Инспектор, увидев, что Бадура грузят вопреки его запрету, закричал и погрозил шерпам кулаком. Креспи коснулся рукой плеча инспектора, бессловесно извиняясь, и побежал к вертолету. Шерпы, сбитые с толку, смотрели то на кричащего инспектора, то друг на друга и не знали, что делать со своим коллегой. Бадур вращал зрачками, глядя вокруг себя, и шевелил пересохшими губами. Кажется, он очень боялся вращающегося над своей головой винта. Начальник экспедиции с белым от снежной пыли лицом стал размахивать руками и отталкивать шерпов от вертолета, хватая их за воротники пуховиков. Бадур, проявляя с начальником солидарность, согнул ноги в коленях и начал отталкиваться от края вертолетной палубы. И вдруг кинулся от грохочущей винтокрылой машины прочь. Пилот то ли нечаянно, то ли нарочно приподнял вертолет на метр. Такелажный крюк, торчащий сбоку дверного проема, зацепился за куртку Креспи, с треском разорвал ткань, обнажая белый наполнитель, американца приподняло над землей. В воздушном вихре, смешиваясь со снежной пылью, закружился пух, словно Креспи был плюшевым медвежонком, которому озорной ребенок распорол брюшко. Шерпы закричали и засвистели. Американец сорвался с крюка и упал на снег. Полоз вертолета едва не придавил его ноги.
Я обязательно сплюнул бы, если бы во рту не пересохло.
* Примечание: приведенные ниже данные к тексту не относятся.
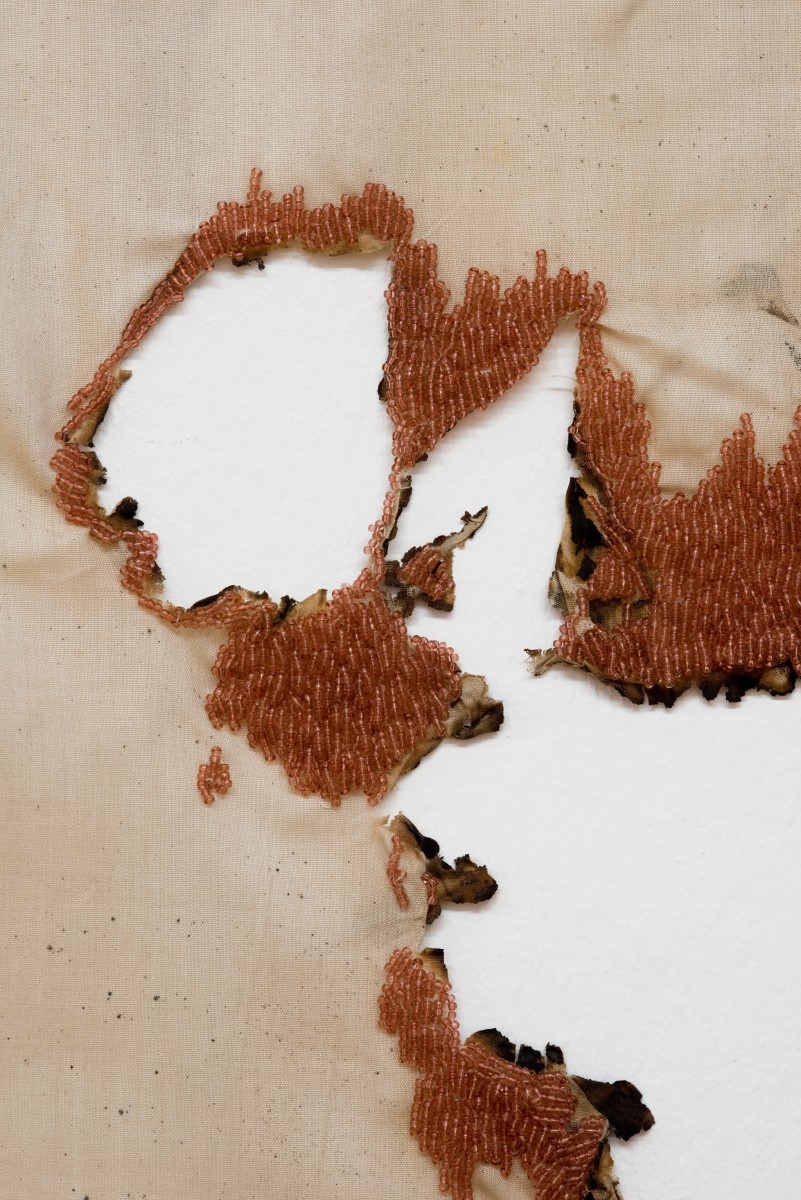 Detail: Isa Melsheimer, Tuch (Loch I) / Cloth (Hole I), 2012, fabric, embroidery, sewing thread, 120 x 88 cm. Photo © Jens Weyers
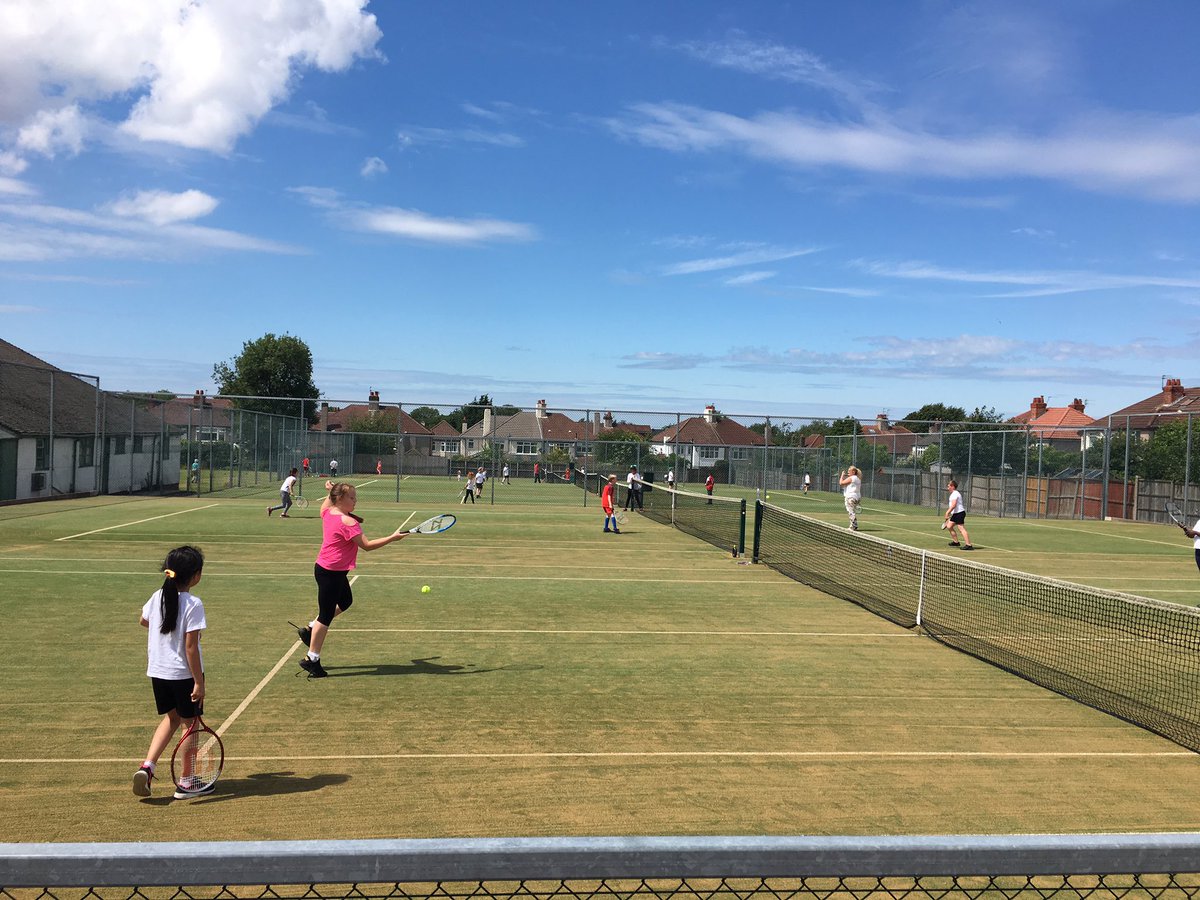 mrs_e_clark's tweet photo. 4D enjoying the tennis at @EWLTC! Wimbledon here we come! @NewParkPrimary @mrdeakiny4 @paulajanehollis https://t.co/J9oBAJaipM
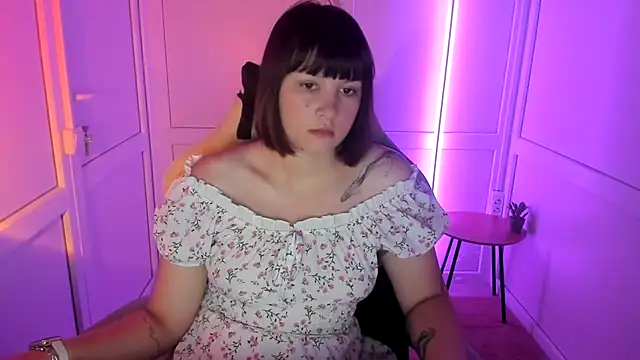 Snapshot of Vanilla_Vixen chatting on July 2026 05:58:02 AM Vanilla Vixen online show from July 2026 05:58:02 AM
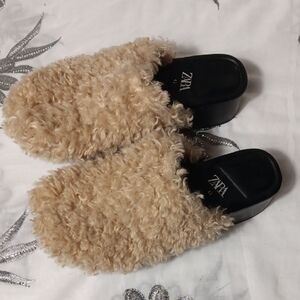 Zara Tan and Black Plush Clogs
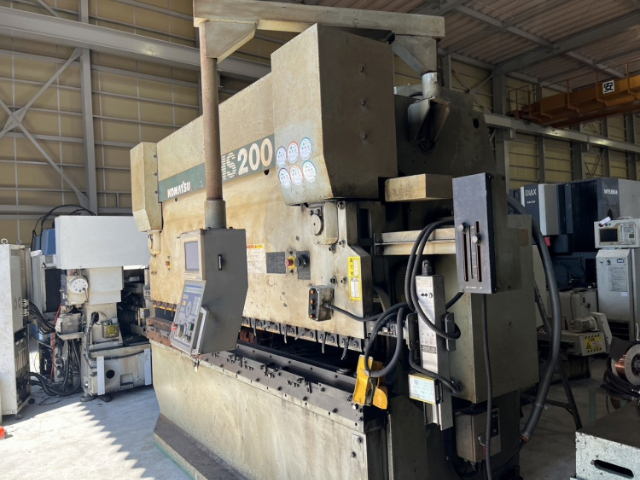 216507 プレスブレーキ コマツ 2003 PHS200x310の写真1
Вокруг вертолета, ставшего центром внимания, собиралось все больше обитателей лагеря. На черных остроугольных камнях, торчащих из-под снега, как позвонки древнего ящера, я увидел Татьяну, которая, словно оранжевая ящерица, грелась в лучах солнца и поглядывала на клоунаду Креспи.
«Очень кстати!» – подумал я и, медленно пятясь, чтобы не привлечь ее внимания, обошел вертолет по большой дуге, а когда оказался за спиной Татьяны, побежал по тропе в лагерь.
Ее малиновая палатка, как и большинство других, была раскрыта, полог откинут в сторону, чтобы горячие солнечные лучи прогрели и просушили внутренность. Не останавливаясь, я с ходу нырнул внутрь, снял очки и огляделся. Гнездышко милой письмоводительницы мало чем отличалось от походного жилища рядового клаймбера, разве что подвешенными к потолку пучками остро пахнущих высушенных трав, которые девушка, видимо, нарвала в окрестностях Биратнагара. Ложе, представляющее собой розовый спальник-кокон, было отделено кажущейся здесь нелепой москитной сетью. Собственно, сама палатка по своей конструкции мало подходила к высокогорью, с его ветрами и снегопадами.
Я взялся за рюкзак, перевернул его вверх дном и вытряхнул под ноги бесчисленное количество пакетов с одеждой. Потом обыскал карманы рюкзака. «А что я хочу найти? – думал я, заталкивая вещи обратно. – Большое красное удостоверение, в котором будет написано, что Татьяна Прокина – мошенница и воровка, практикующаяся на молодых и богатых мужчинах?»
Я расстегнул «молнию» москитной сетки и опустился на колени перед спальником.